Arnaud Hauchard

From Wikipedia, the free encyclopedia
Arnaud Hauchard
Full nameArnaud Hauchard
CountryFrance
Born (1971-11-15) 15 November 1971 (age 50)
TitleGrandmaster (2000)
FIDE rating2529 (January 2022)

Arnaud Hauchard (born 15 November 1971) is a French chess grandmaster (2000).

Played for France in the European Team Chess Championships of 1992 and 1997 and in the Chess Olympiads of 1998 and 2000.[1] In 2000 he tied for 2nd–10th with Vadim Zvjaginsev, Sergey Dolmatov, Alexander Motylev, Alexander Grischuk, Maxim Turov, Nukhim Rashkovsky, Jiri Stocek and Valeri Yandemirov in the Ubeda Open tournament.[2]

On the May 2010 FIDE list his Elo rating is 2526.

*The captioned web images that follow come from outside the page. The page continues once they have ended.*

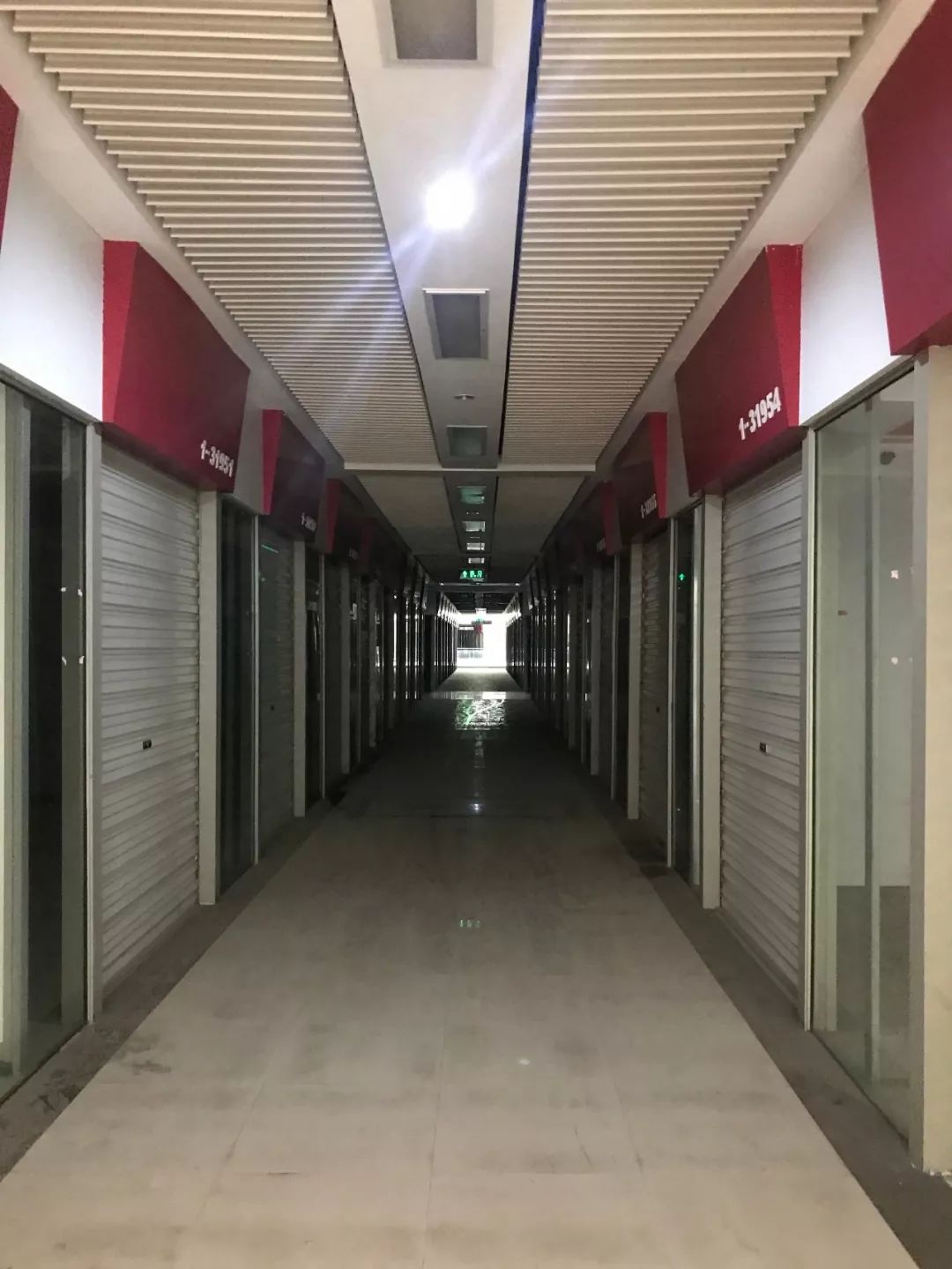 成都荷花池韩国城在哪里,成都曾经的荷花池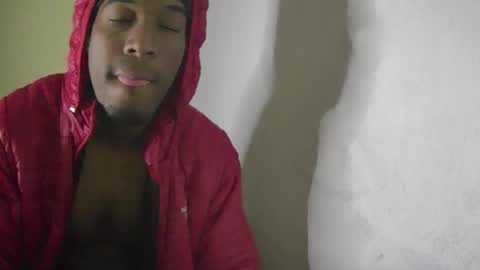 boss_playa98 online show from 05.16.26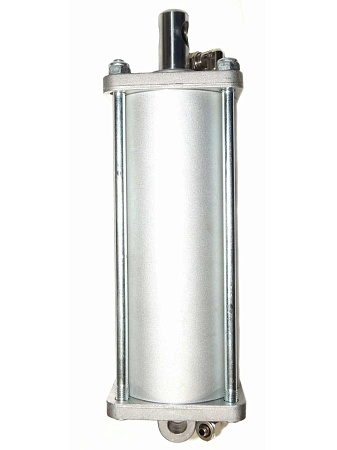 Цилиндр стола в сборе NORDBERG 600-236 – анонс, характеристики,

In March 2011 he was suspended for cheating. This suspension was later revoked by a French civil court due to technicalities.[vague][3] In July 2012 the FIDE Ethic Commission sanctioned the involved players and ruled "Mr. Arnaud HAUCHARD has to be sanctioned with the exclusion from the participation in all FIDE tournaments, as a player or as a member of a national delegation, for a period of 3 (three) years, starting from the 1st of August 2012".[4][5][6][3]

References[]

  1. ^ Bartelski, Wojciech. "Men's Chess Olympiads: Arnaud Hauchard". OlimpBase. Retrieved 5 June 2010.
  2. ^ "Ubeda op 5th". 365chess.com. Retrieved 5 June 2010.
  3. ^ a b "French cheating case: FIDE Ethics Commission confirms suspension Feller, Hauchard & Marzolo". ChessVibes. 30 July 2012. Archived from the original on 1 August 2012.
  4. ^ Decision Summary of the FIDE Ethic Commission (see case N.2/11)
  5. ^ FIDE Ethics Commission Judgement in the case "French Team"
  6. ^ Article with references on ChessDom

External links[]


Retrieved from ""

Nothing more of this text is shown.